We are doing something that has never been done before: We gave high-speed connectivity to people who had never had it. It was not an issue once we changed the functionality by permanently disabling the kiosks' [web] browser. I wasn't here, but I know it wasn't fun. I hope we continue to learn. Are there other uses that will surprise us? I hope they surprise us in a very positive way.

We just announced our international expansion, to London. But New York City is the biggest market, and this is our R&D hub.
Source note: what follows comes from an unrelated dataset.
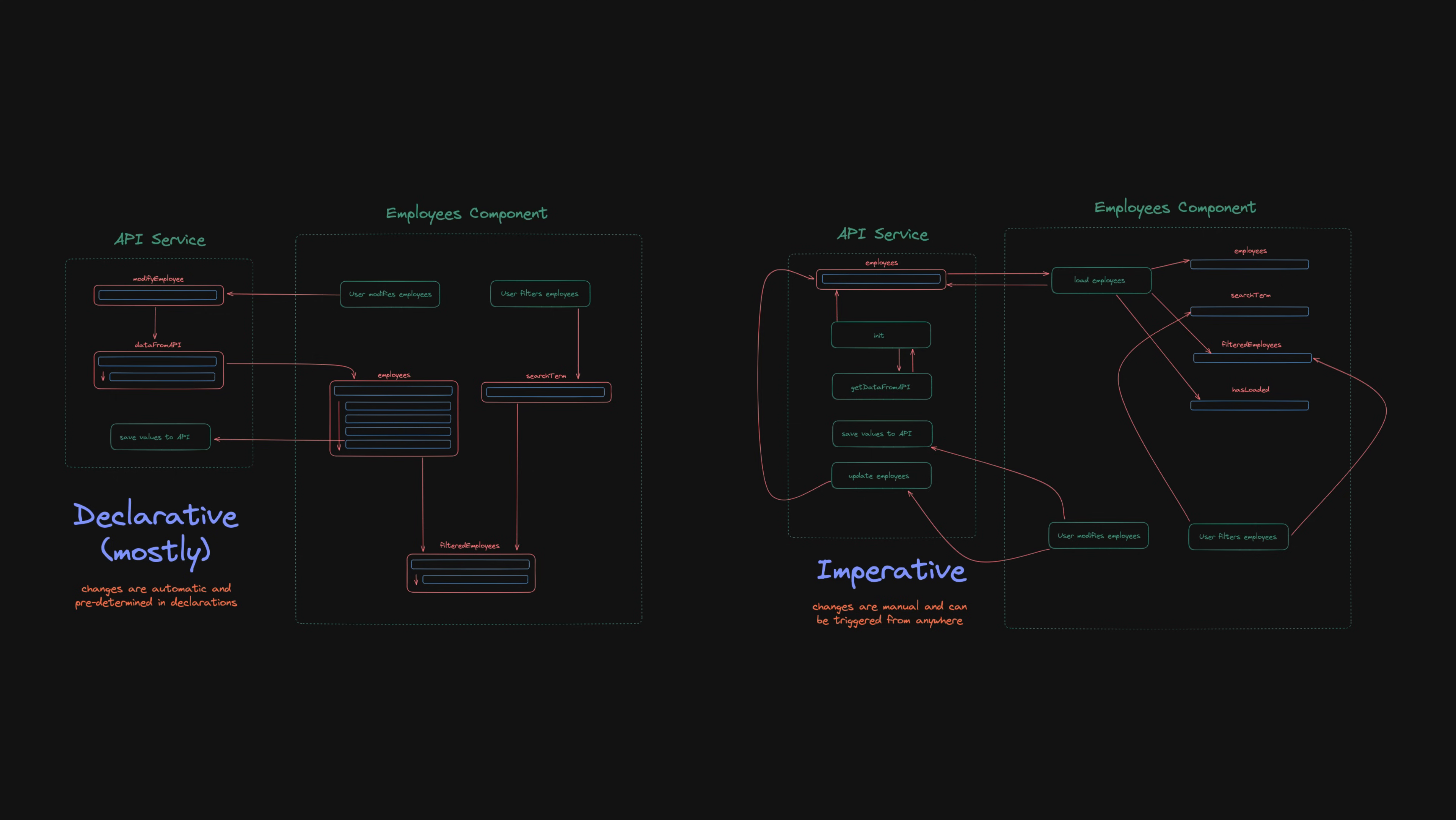With the declarative code we have these well-defined containers for our values. These describe what the value is and how it can change. Not only does declarative code allow us to do this, but at least in the context of Angular it also allows us to automatically react to changes.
We are inventing here for the rest of the world.

Clearly there's a lot of innovation now around smart city technology: connecting the physical reality to what we do digitally and using technology to humanize a city, turning it into a community. The opportunity to take the traditional billboard business and connect it to our digital experiences—that is what brought me here.

We did a campaign with MillerCoors in partnership with [music app] Shazam that enabled consumers to download the songs that each neighborhood was listening to that day.

David Bowie passed away during the campaign. The entire city was listening to him!

A version of this article appears in the February 20, 2017, print issue of Crain's New York Business.

Our editors found this article on this site using Google and regenerated it for our readers.